By including qualitative and quantitative research as checkpoints throughout your product roadmap your team can validate their design and development work as it is completed, and pivot as needed. The research learnings can also reshape your product roadmap and feature requirements to drive you towards an ideal end state that your users will love. Research in this phase provides the data-backed insights you need to build confidence in your product decisions by minimizing the level of risk associated with each one. But wait, there’s more! Research late in the product lifecycle can even show the area(s) to focus your next design sprint or round of research on as it illuminates areas of friction your users experience that need new solutions.
While both design sprints and evaluative research have their ideal research methodologies, they both share the need for a well-seasoned researcher to navigate the matrix of possible methods to ensure you are able to answer the right questions to drive your product forward. These methods can include:
- In-depth Interviews (IDIs)- A researcher meets with participants one-on-one to discuss in depth what the participant thinks about the topic in question. This can include generative questions to better understand the participant’s needs or evaluative questions to validate solutions and assumptions.
- Usability testing- Participants in this form of testing are asked to complete a set of tasks within a product to make note of any areas where the user’s experience is not as smooth as desired. This can be done remotely through video conferencing software, like Zoom, an online testing platform, or in person in a laboratory setting.
- Pricing analysis- By leveraging frameworks like the Van Westendorp pricing model we can position the pricing of your product with maximum effect, ensuring that your customers deem the value of your product as equal to its pricing.
- Diary Studies The participant interacts with a developed product over an extended period of time and reports back to the researcher on their experience at set intervals throughout the test period.

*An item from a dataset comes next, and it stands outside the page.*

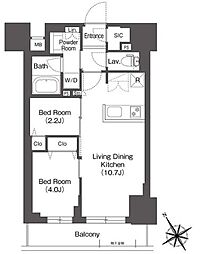 BluRock後楽園 2LDKの間取図画像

This method allows your team to identify insights, changes in user needs, and areas of opportunity that may exist with extended use of the product.
Regardless of the exact methods used, or even when they are used, they all serve to reduce risk in your product solutions by grounding decisions in user-centered research throughout the product lifecycle. Testing early and often will help ensure you stay on track with the user’s needs and desires before, during, and after you get to launch.